(Stored records)
Start of Block
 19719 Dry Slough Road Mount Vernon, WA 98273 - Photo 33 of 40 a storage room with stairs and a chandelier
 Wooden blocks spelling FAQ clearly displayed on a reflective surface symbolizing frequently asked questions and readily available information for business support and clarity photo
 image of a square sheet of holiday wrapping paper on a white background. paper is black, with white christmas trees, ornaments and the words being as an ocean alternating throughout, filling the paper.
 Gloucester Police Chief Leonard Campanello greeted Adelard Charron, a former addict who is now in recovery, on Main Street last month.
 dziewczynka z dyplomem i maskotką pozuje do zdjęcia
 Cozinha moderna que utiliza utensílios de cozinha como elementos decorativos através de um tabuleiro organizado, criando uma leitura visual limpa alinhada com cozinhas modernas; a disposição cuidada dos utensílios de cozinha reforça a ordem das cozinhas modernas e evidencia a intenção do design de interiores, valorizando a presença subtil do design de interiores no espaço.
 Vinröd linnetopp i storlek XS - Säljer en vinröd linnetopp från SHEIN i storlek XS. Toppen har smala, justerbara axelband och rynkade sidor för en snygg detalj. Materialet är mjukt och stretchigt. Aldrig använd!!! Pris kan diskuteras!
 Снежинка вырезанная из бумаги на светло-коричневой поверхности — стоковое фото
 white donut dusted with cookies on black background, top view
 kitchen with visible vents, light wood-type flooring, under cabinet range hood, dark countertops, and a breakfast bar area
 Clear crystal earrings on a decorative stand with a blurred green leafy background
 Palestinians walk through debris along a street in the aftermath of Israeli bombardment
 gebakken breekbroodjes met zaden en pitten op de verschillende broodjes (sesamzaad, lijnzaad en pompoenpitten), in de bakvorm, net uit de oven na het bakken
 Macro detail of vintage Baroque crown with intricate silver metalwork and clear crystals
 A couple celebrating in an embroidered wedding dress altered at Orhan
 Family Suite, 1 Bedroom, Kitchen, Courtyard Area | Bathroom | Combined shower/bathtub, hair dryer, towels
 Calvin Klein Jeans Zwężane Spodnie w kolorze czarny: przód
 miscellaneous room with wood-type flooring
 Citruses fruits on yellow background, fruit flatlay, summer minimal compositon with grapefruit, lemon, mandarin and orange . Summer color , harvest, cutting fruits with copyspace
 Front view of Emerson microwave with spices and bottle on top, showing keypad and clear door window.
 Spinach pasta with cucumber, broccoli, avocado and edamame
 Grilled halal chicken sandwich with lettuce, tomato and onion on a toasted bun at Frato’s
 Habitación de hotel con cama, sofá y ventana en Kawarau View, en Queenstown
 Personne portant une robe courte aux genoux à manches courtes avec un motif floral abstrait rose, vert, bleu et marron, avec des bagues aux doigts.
End of Block
## Your instructions:
Give back, unchanged, every line from the one with "Habitación de hotel" to the end of the entries above.

## Exercise solution:
 Habitación de hotel con cama, sofá y ventana en Kawarau View, en Queenstown
 Personne portant une robe courte aux genoux à manches courtes avec un motif floral abstrait rose, vert, bleu et marron, avec des bagues aux doigts.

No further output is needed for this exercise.